I was struck during the workshop discussions that the career of a mathematics teacher did not explicitly enter
the landscape of possible careers emerging from studying mathematical sciences at university. Yet there was
considerable attention to the limitations of the mathematical knowledge and mathematical ways of thinking of firstyear students across these fields and, by implication, the quality of mathematics teaching in our secondary schools.
Teaching and research in mathematics teacher education was, appropriately, the planned focus of my talk. I opened
my presentation with two critical questions that needed to be considered in the workshop:
1.
Where in a discussion of the future of the mathematical sciences in a rapidly changing, challenging and
exciting world do we locate the career of a future school mathematics teacher?
2.
What does this location mean for mathematical sciences curricula or education at university?

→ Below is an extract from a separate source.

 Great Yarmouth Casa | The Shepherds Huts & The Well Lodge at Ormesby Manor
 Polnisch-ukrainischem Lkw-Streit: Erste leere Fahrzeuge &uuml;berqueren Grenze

The background document for the workshop was the 2025 review of the mathematical sciences in the USA.1 I
was curious whether and how preparation of teachers received attention in that review. Indeed there is a section,
albeit small, on the importance of teachers for K–12 (kindergarten to Grade 12). It points in particular to countries
that perform well in international mathematics assessments like TIMSS and PISA, through which top mathematics
school-leavers enter, and might even have to compete for places in, degree programmes, ultimately leading to
teaching careers. Perhaps implied in this is a criticism within the USA where, as in South Africa, teaching is not
a high status profession. The point here, however, is that in the 2025 review there also is no mention on whether
and how the mathematical preparation of teachers is or should be part of a consideration of the undergraduate
curriculum in the mathematical sciences. As I think about this issue, I wonder about a similar review of the
mathematical sciences in high-performing countries. Would there be a consideration of ‘mathematics for teaching’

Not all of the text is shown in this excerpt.